WORK REQUEST: From the listing below, retype exactly the line holding "Efficiently using a", the line holding "FREE PEOPLE All", and the lines between them; skip everything else.

EXCERPTED DATA:
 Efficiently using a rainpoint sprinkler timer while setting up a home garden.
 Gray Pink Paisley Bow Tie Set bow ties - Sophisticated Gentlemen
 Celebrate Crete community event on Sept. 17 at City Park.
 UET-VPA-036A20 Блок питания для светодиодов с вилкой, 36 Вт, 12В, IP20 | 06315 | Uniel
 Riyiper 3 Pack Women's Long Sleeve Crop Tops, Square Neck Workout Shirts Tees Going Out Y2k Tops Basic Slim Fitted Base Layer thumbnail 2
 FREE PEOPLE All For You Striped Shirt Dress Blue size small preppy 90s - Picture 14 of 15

---

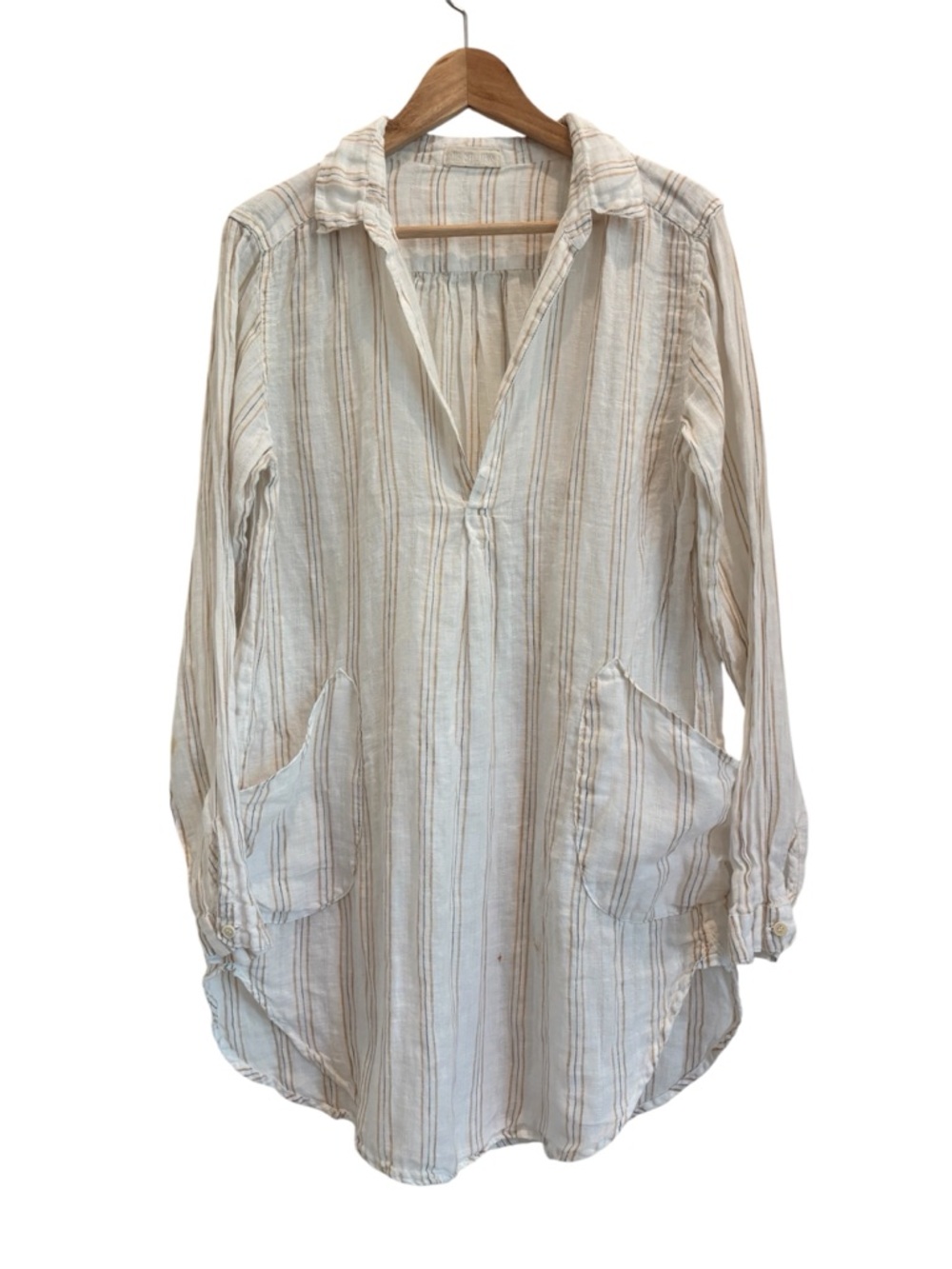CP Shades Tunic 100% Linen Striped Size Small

ANSWER TO THIS PROBLEM:
 Efficiently using a rainpoint sprinkler timer while setting up a home garden.
 Gray Pink Paisley Bow Tie Set bow ties - Sophisticated Gentlemen
 Celebrate Crete community event on Sept. 17 at City Park.
 UET-VPA-036A20 Блок питания для светодиодов с вилкой, 36 Вт, 12В, IP20 | 06315 | Uniel
 Riyiper 3 Pack Women's Long Sleeve Crop Tops, Square Neck Workout Shirts Tees Going Out Y2k Tops Basic Slim Fitted Base Layer thumbnail 2
 FREE PEOPLE All For You Striped Shirt Dress Blue size small preppy 90s - Picture 14 of 15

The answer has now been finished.